TSMC Opens Chip Plant in Japan
TSMC's new chip plant in Japan will help assure global supplies of the crucial hardware, the Taiwanese giant's founder Morris Chang said as the $8.6-billion factory was officially opened.
Taiwan Semiconductor Manufacturing Company, which counts Apple and Nvidia as clients, produces half the world's chips, used in everything from smartphones to satellites and increasingly to power AI technology.
But TSMC's customers, as well as governments concerned about supplies of semiconductors vital to their economies and defense, want the firm to make more chips away from the self-ruled island.

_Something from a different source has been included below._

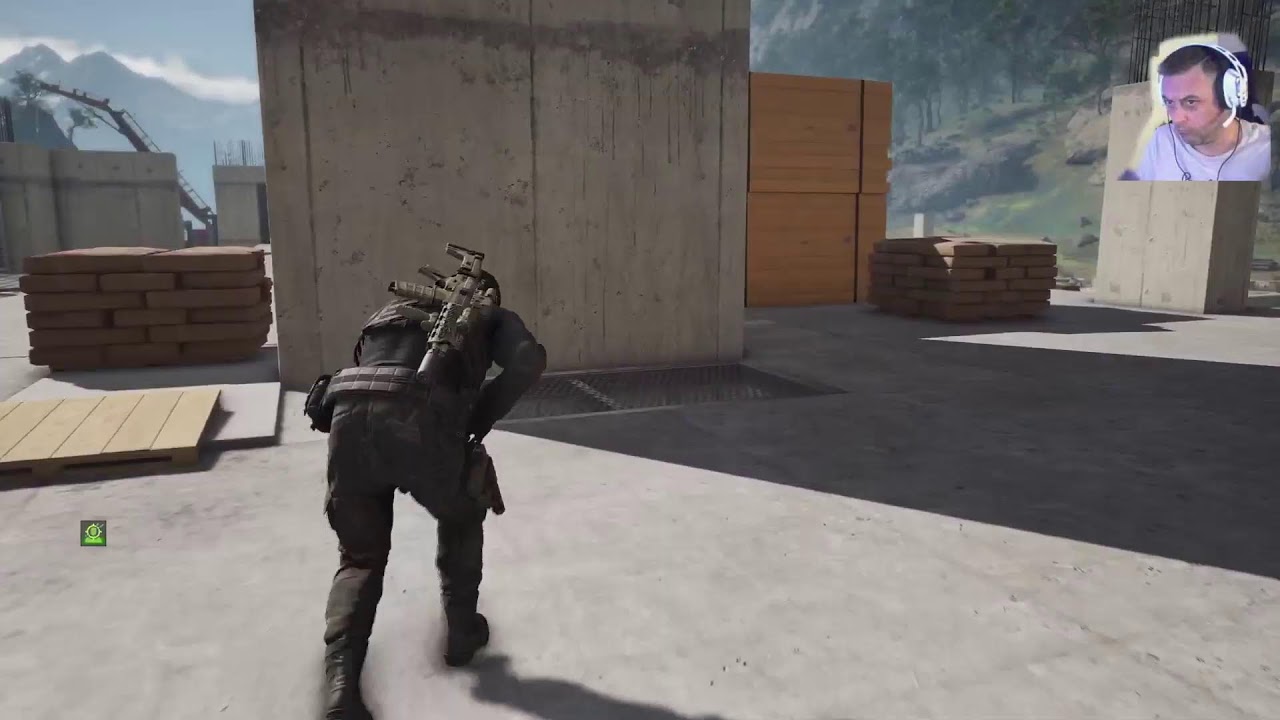 Milsim cooperativo operacion hunter
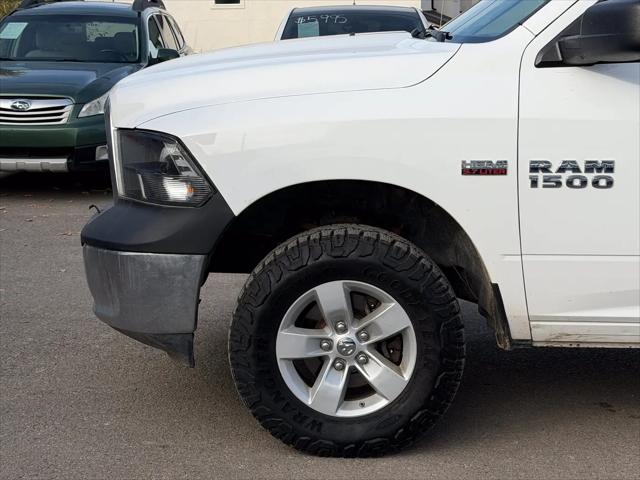 2017 Ram 1500 Tradesman Quad Cab 4x4 6'4" Box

China's increasing assertiveness towards Taiwan -- which it claims as its own territory and has not ruled out taking by force -- has sparked worries about the world's dependence on the island for chip production and pushed TSMC to diversify where it makes them.
The factory on the southern Japanese island of Kyushu "will, I believe, improve the resiliency of chip supply for Japan and for the world," 92-year-old Chang said at the ceremony, in a rare public appearance.
"It will also, I believe, start a renaissance of semiconductor manufacturing in Japan," Chang said.
TSMC's new facility is also a coup for Japan as it vies with the United States and Europe to woo semiconductor firms with huge subsidies.
Firms like Toshiba and NEC helped Japan dominate in microchips in the 1980s but competition from South Korea and Taiwan saw its global market share slump from more than 50 percent to around 10 percent.
Now Japan is making available up to $26.7 billion in state sweeteners to help triple the sales of domestically produced chips to more than 15 trillion yen by 2030.
The new TSMC plant in the town of Kikuyo, for which the government pledged more than 40 percent of the costs -- Sony and Denso are also on board -- is just the first.